The odd thing about the great debate on global warming is that there never really was a debate. As soon as the global warming scare exploded on the world in 1988, to its promoters there could be no argument about it. The scientists who that year set up the UN’s Intergovernmental Panel on Climate Change (IPCC) were already convinced beyond doubt that ‘human-induced climate change’ was a reality. Al Gore was soon already pronouncing ‘the science is settled’. In 1992 Dr Richard Lindzen of MIT, the eminent atmospheric physicist who has been a prominent ‘sceptic’ ever since, wrote a paper discussing the peculiar need of the ‘climate establishment’ to insist that their new orthodoxy was supported by a ‘consensus’ of the world’s scientists, despite abundant evidence to the contrary.

A corollary of this, as Lindzen showed, was the extraordinary intolerance they displayed towards anyone questioning the orthodoxy.

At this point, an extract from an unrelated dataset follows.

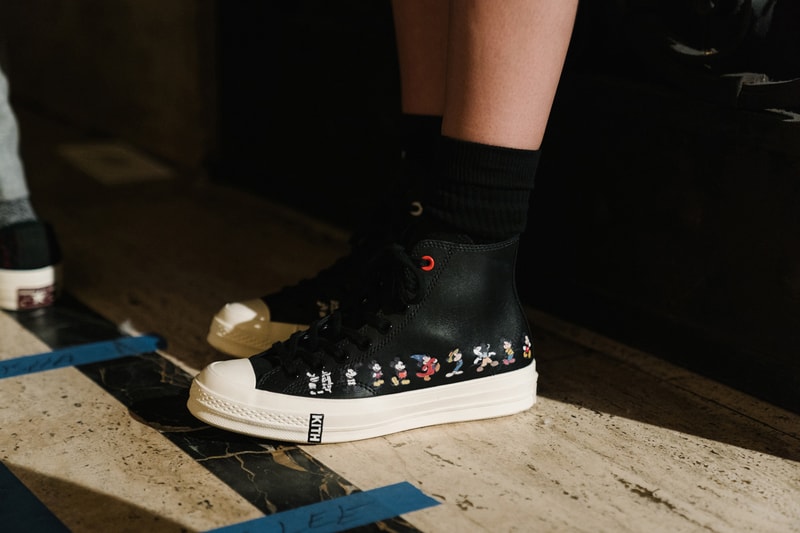 KITH AIR New York Fashion Week Show Backstage collection nyfw fw19 20 runway converse disney clarks def jam recordings chuck taylor ronnie fieg fall winter 2019 collaborations asics gel lyte new balance vogue alton brown winnie harlow adidas terrex clarks wallabee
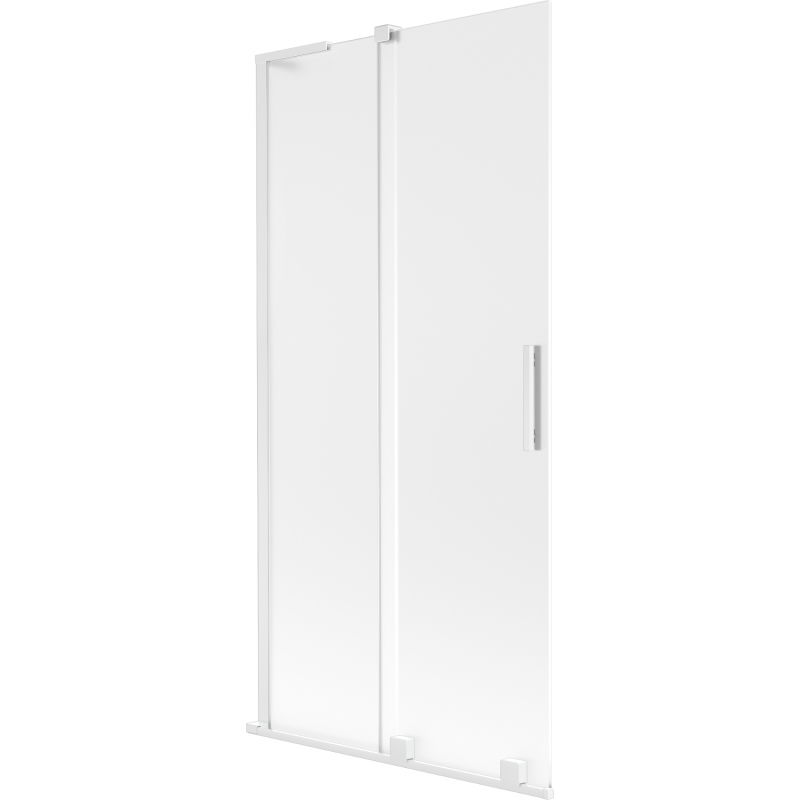 MEXEN Velar L параван за вана разгъваем, 2-крилен, 90 x 150 см, матиран, бял - 896-090-003-31-20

When one respected professor of economics told a US Senate Committee that the issue was still ‘controversial’, Senator Gore expostulated that anyone who said such a thing clearly didn’t know what he was talking about, and the professor was asked to leave the room.

Thus, right from the start, this remarkable hostility towards anyone daring to question the orthodoxy became established as a central feature of the story, Those who dissented, such as Professor Fred Singer, who wrote a sceptical paper with Dr Roger Revelle, the eminent oceanographer who had first alerted Gore to the possibility that rising CO2 levels might lead to rising temperatures, were publicly vilified, with claims that they could only hold such views because they were being paid by Big Oil.

For more than a decade, as CO2 levels rose and temperatures seemed to be following suit, the orthodoxy carried all before it, In 2001, Michael Mann’s famous ‘hockey stick’ graph, completely rewriting climate history by purporting to eliminate the Medieval Warm Period and showing that temperatures had soared in the late 20th century to their highest level in 1,000 years, was the centrepiece of the IPCC’s third report. But in 2003, serious questions began to be asked about the ‘hockey stick’, first by two Harvard astrophysicists, Willie Soon and Sallie Baliunas, then, quite devastatingly, by two Canadians, Steve McIntyre and Ross ­McKitrick, who expertly demonstrated that the graph was no more than a product of computer trickery.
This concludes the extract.